The president of Collegium Ramazzini is former NIH researcher Dr. Phil Landrigan, now a professor at Mount Sinai Medical Center in New York City. According to reports, Director Birnbaum coordinated with Dr. Landrigan to publish more than two dozen Ramazzini studies in the NIEHS-run journal, Environmental Health Perspectives. Landrigan also received substantial funding from Birnbaum’s NIEHS, E&E Legal reported.
The House Science, Space and Technology Committee continues to probe the Ramazzini morass. Backed by Oversight Subcommittee Chairman Darin LaHood (R-Ill.), Chairman Lamar Smith (R-Texas) is following up on a joint letter to HHS Secretary Tom Price, requesting documents and correspondence between Ramazzini and the National Institutes of Health (NIH).
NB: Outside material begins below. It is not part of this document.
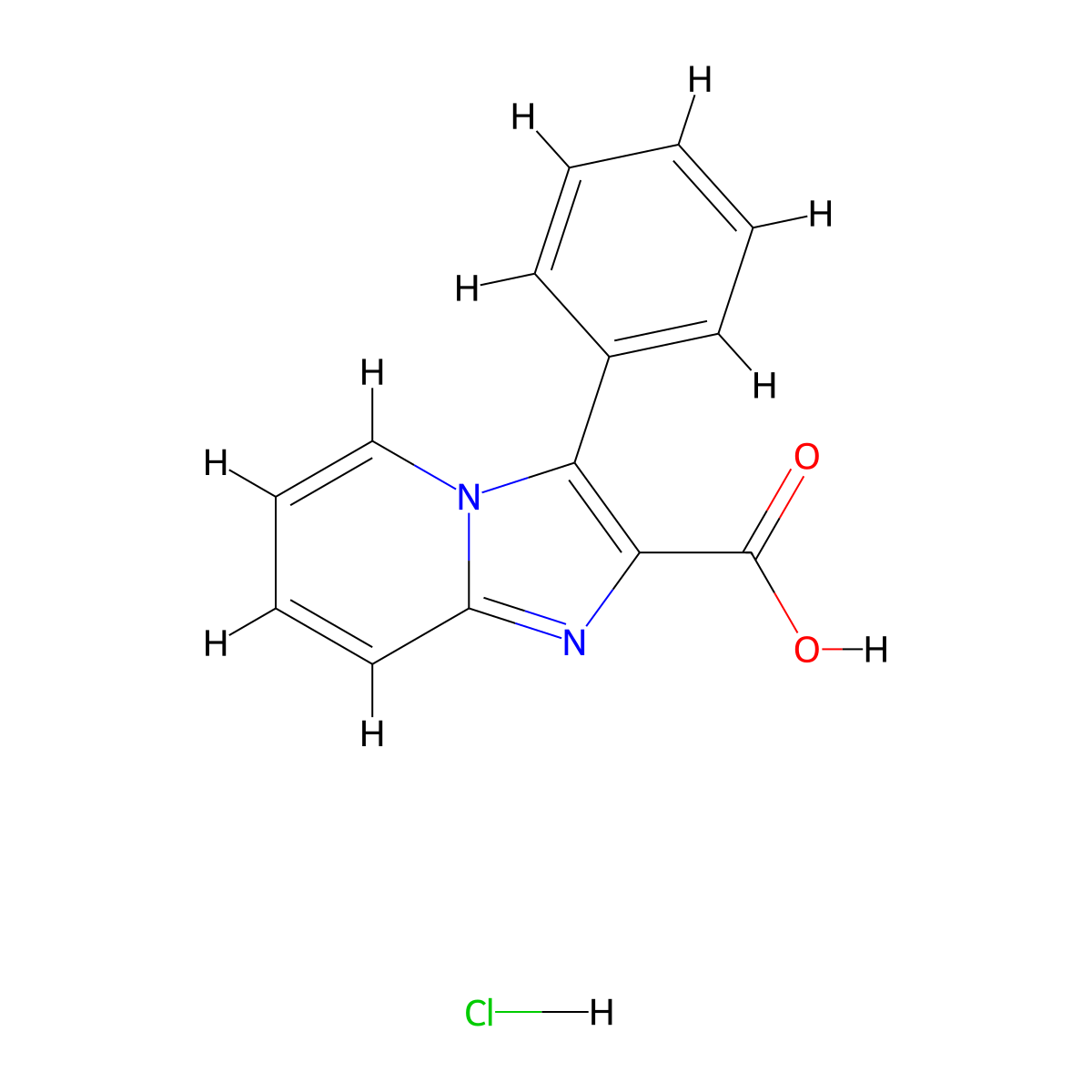 3-Phenylimidazo[1,2-a]pyridine-2-carboxylic acid hydrochloride molecular structure, CAS 860258-46-4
The letter noted that Birnbaum’s NIEHS “has refused to respond to [FOIA] requests seeking information related to contracts between your Department, including NIH and NEIHS, and Ramazzini.” A source familiar with the issue says a dialogue was established and is progressing.
The controversies are likely to heat up in the face of news stories saying that Aaron Blair, the scientist who led IARC’s review of glyphosate risks, deliberately withheld findings from studies of some 89,000 U.S. farm workers and family members, concluding that there was no link between cancer and exposure to the chemical. Under Blair’s direction, while he and his team for years apparently ignored evidence that contradicted that conclusion, IARC found that the weed killer was “probably carcinogenic.”
Collegium Ramazzini strongly rebuts any assault on its integrity and infallibility. Its website says its mission “is to be a bridge between the world of scientific discovery and the social and political centers which must act on the discoveries of science to protect public health.” Is this self-congratulation, a power ploy – or a subtle warning to anyone who might question its funding arrangements?
In his 1961 farewell address, President Dwight Eisenhower warned against the military-industrial complex and included this important final caveat: “In holding scientific research and discovery in respect, as we should, we must also be alert to the danger that public policy could itself become the captive of a scientific-technological elite.”
Can the Trump Administration or Congress untangle today’s web of the scientific-technological elite and, more importantly, prevent our health and agricultural policies from being driven by dubious science, unfounded fears, deliberately withheld studies, and serious potential conflicts of interest?
It would take more than plowing through mountains of paper. We would learn a lot more from public testimony taken under oath.
Ron Arnold is a widely known researcher, columnist and the author of eleven books on environmental and public policy issues.